• Task to complete: Line by line, output the material without altering anything.
[Start of section]
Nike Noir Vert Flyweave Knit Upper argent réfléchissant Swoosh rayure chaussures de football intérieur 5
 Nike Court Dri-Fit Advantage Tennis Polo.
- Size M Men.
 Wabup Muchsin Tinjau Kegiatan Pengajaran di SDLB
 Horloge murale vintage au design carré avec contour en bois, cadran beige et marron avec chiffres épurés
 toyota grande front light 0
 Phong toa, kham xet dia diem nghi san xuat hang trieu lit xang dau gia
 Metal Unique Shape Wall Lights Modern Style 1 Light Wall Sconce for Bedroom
[End of section]
• Response below:
Nike Noir Vert Flyweave Knit Upper argent réfléchissant Swoosh rayure chaussures de football intérieur 5
 Nike Court Dri-Fit Advantage Tennis Polo.
- Size M Men.
 Wabup Muchsin Tinjau Kegiatan Pengajaran di SDLB
 Horloge murale vintage au design carré avec contour en bois, cadran beige et marron avec chiffres épurés
 toyota grande front light 0
 Phong toa, kham xet dia diem nghi san xuat hang trieu lit xang dau gia
 Metal Unique Shape Wall Lights Modern Style 1 Light Wall Sconce for Bedroom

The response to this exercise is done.